# Mavs and Wizards talking trade?



## croco (Feb 14, 2005)

Mavs-Wizards Trade Talk: Tax Relief For Talent

*Dallas Wants Butler And Haywood, Counters McGrady Offer With Thoughts On 'Cap Hell' Escape 

By Mike Fisher and David Lord -- DB.com*

We are reading tea leaves. Listening to the whispers. And digging for logical fits. And here’s what we know:

The Mavs continue to chase Washington’s Caron Butler … have competition for him … and know that for a Josh Howard-for-Butler trade to really qualify as a big score, they need to get center Brendan Haywood back, too.

Meanwhile, there are three debate points as the Mavs and the Wizards continue to negotiate: 

*Dallas is offering tax relief, expiring contracts and an escape from Cap Hell.
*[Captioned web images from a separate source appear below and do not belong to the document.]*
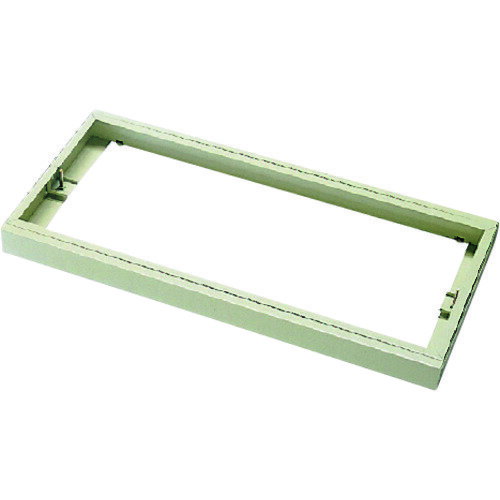 プラス 【別途送料】 【個人宅不可】 PLUS 615121）LX-5 笠木 L5-H3 LGY L5-H3 LGY [1105-00008060]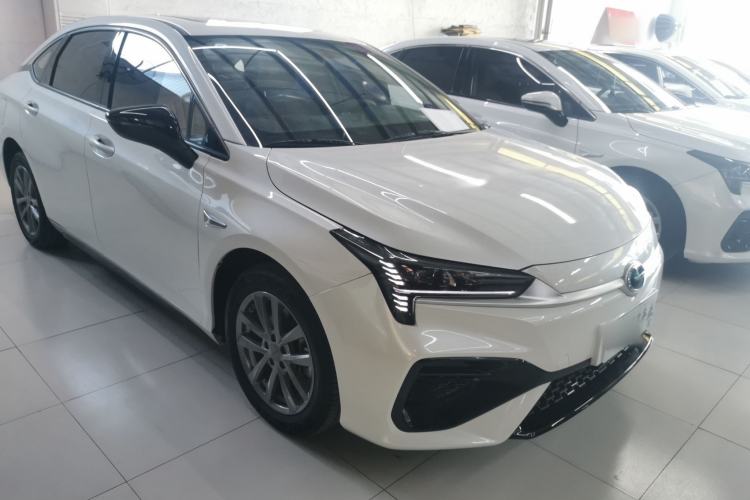 Used AION S 2023 Meizu 580 Lithium Iron Phosphate
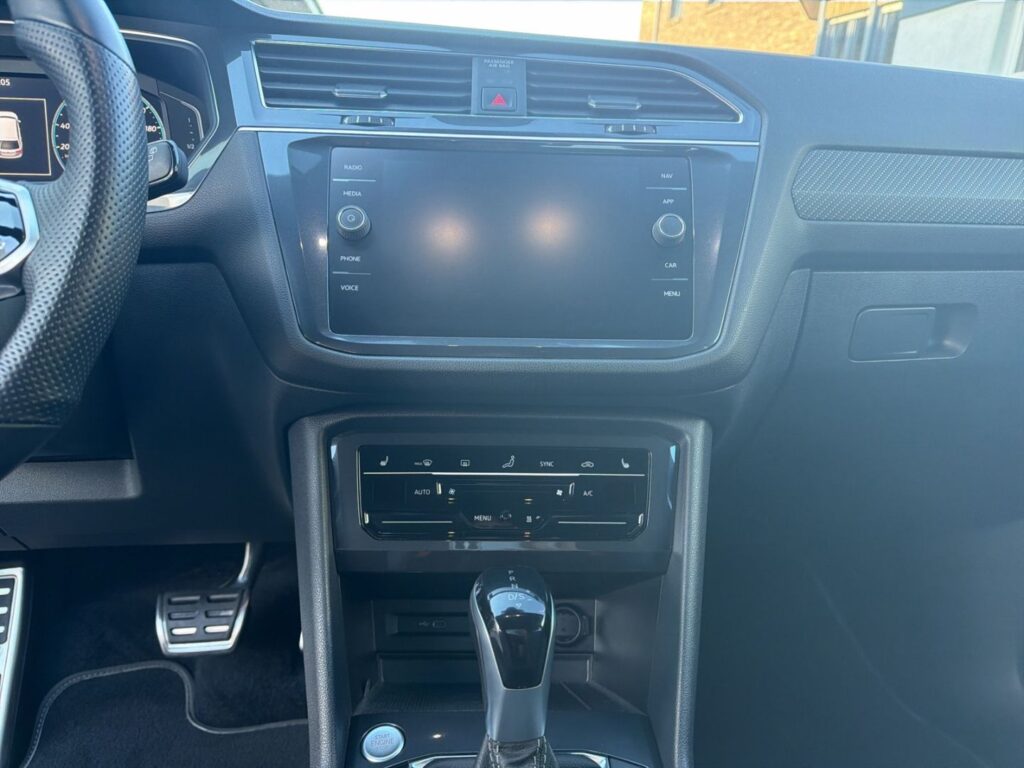 Tiguan Allspace R-Line 2,0 TSI DSG 4Motion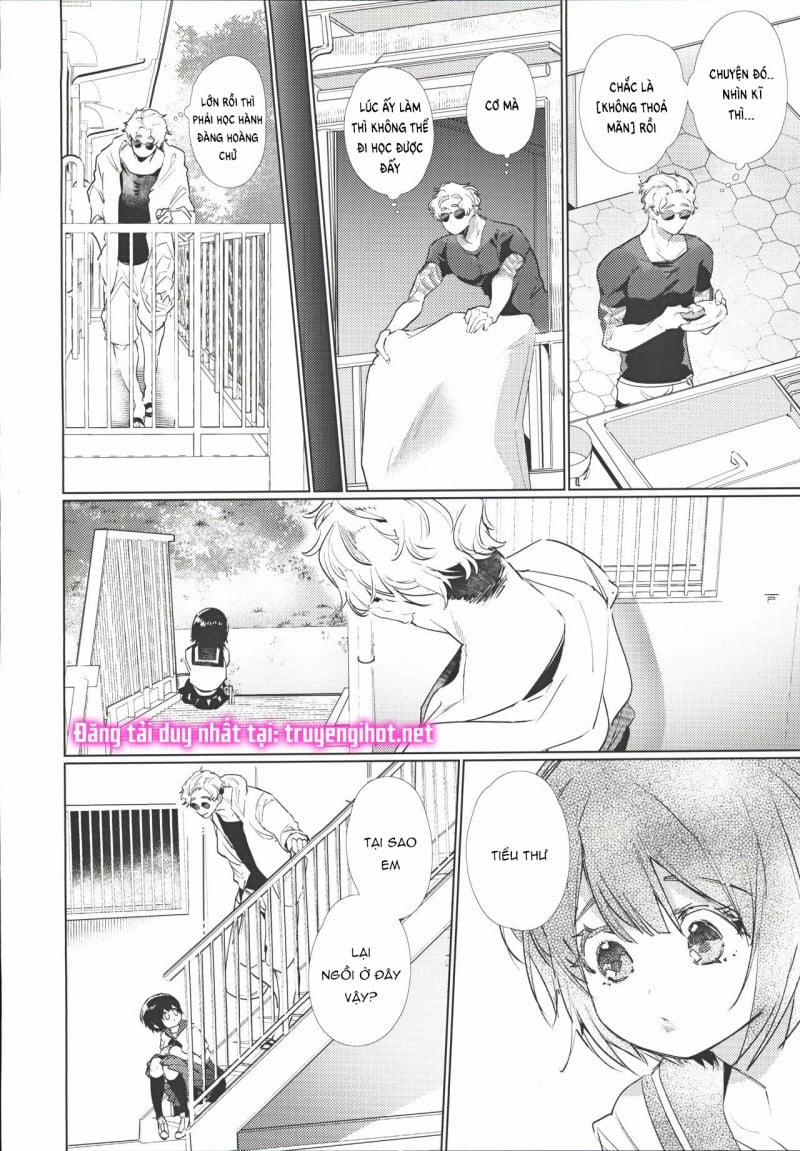 [21+] Phòng Chịch, Lâu Đài Tình Ái, Rộng 6 Tấm Tatami 1.1 trang 12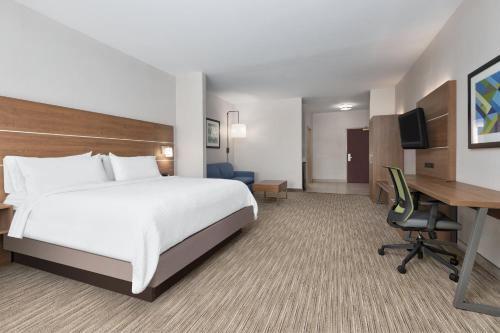 holiday inn express amarillo south by ihg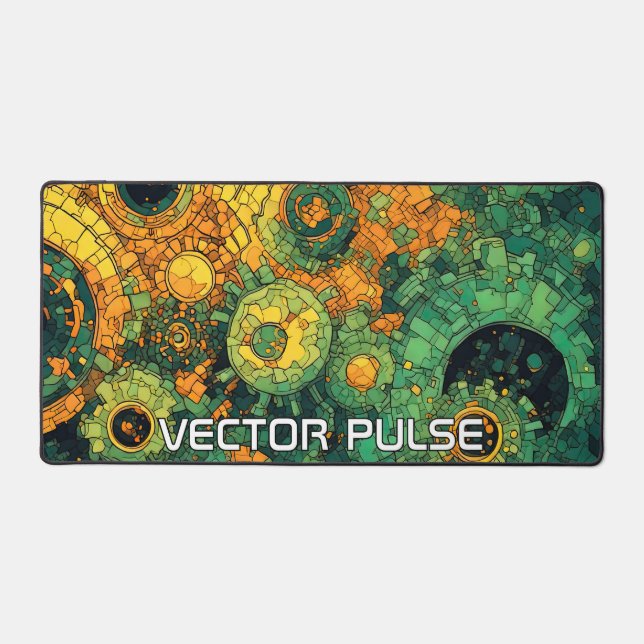 Mat bureau V-Pulse 9 (Recto)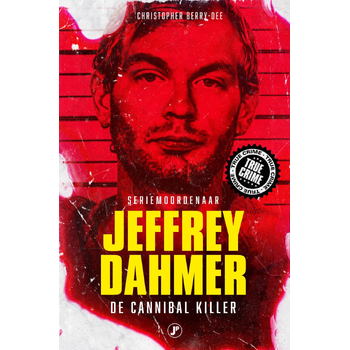 Jeffrey Dahmer (Paperback) bij Singel 344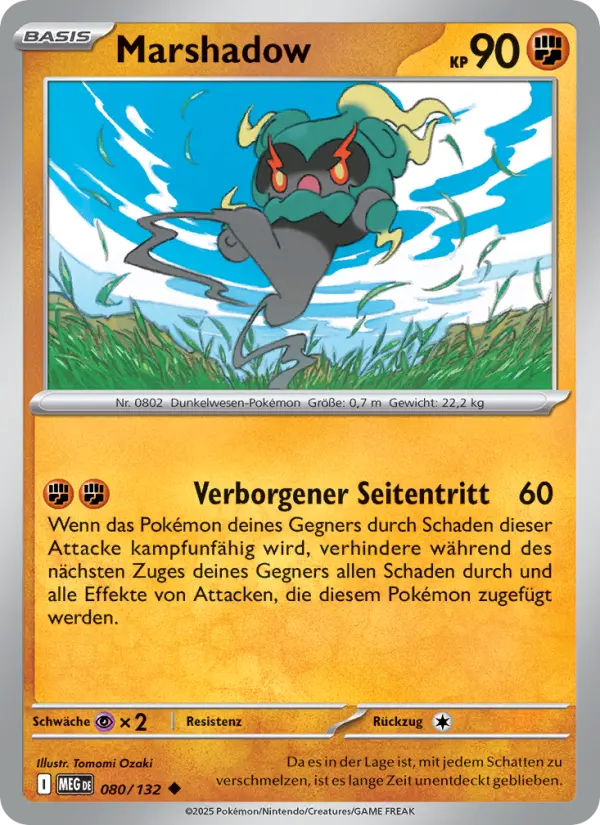 Marshadow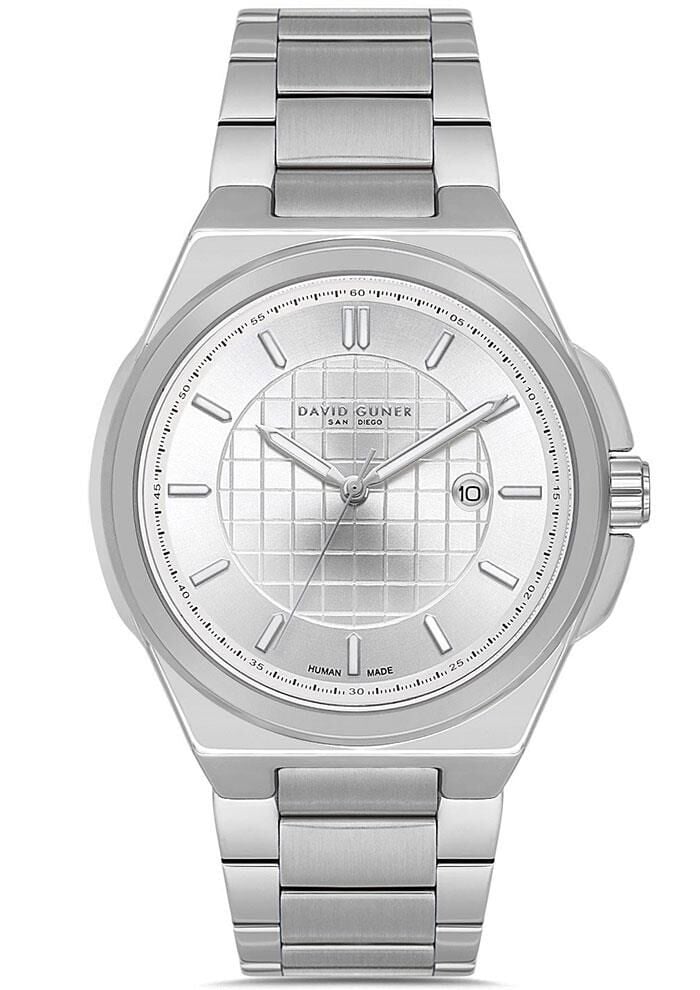 Davıd Guner DG-8870GA-A1 Erkek Kol Saati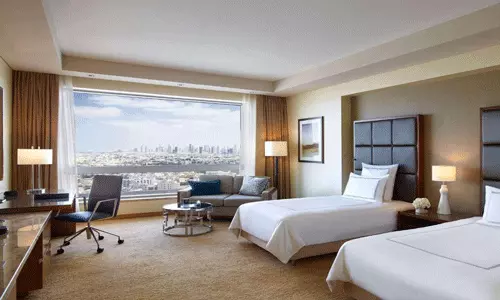 هتل سوئیس اوتل الغریر دبی هتل سوئیس اوتل الغریر دبی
*Washington is interested but as enough other suitors that it is trying to also pry loose some talent.

More


----------



## Dre (Jun 20, 2003)

This might even be the best deal the Wizards can get, but they aren't going to jump at strict cap relief offers until the last minute. They can play like they've been offered every expiring in the league in the hopes that a team will be desperate and actually offer a young building block. Time will tell how it'll play, but my god I'm drooling at the Mavericks with Haywood and Butler. They might be better than the Nuggets.

How do you counter a 23 million dollar expiring with expirings though, bad headline.


----------



## croco (Feb 14, 2005)

Dre™ said:


> How do you counter a 23 million dollar expiring with expirings though, bad headline.





> ITEM: If Houston is the competition, and it’s a two-team deal, Tracy McGrady's contract -- while a huge expiring -- actually makes it next to impossible for Washington to get any tax relief, because they'd be getting such a big current salary in such a deal.
> 
> [...]
> 
> ...


Tax relief in addition to the expirings would be the key.


----------



## Dre (Jun 20, 2003)

OK I see that.


----------



## HB (May 1, 2004)

> Wizards near completion of trade that sends Caron Butler and DeShawn Stevenson to Dallas for Josh Howard and one other player, source says.
> 
> The Wiz and Mavs still discussing whether Quinton Ross or Tim Thomas will go Washington with Howard, league source says.
> 
> Yahoo reported overnight that trade was in advanced talks but Dallas backed away for a bit. Mavs returned to today to get it done.


Deal is good as done as Aldridge and Woj are reporting. Good deal for the Wiz and even better for the ECF as the Celts dont sniff Butler.


----------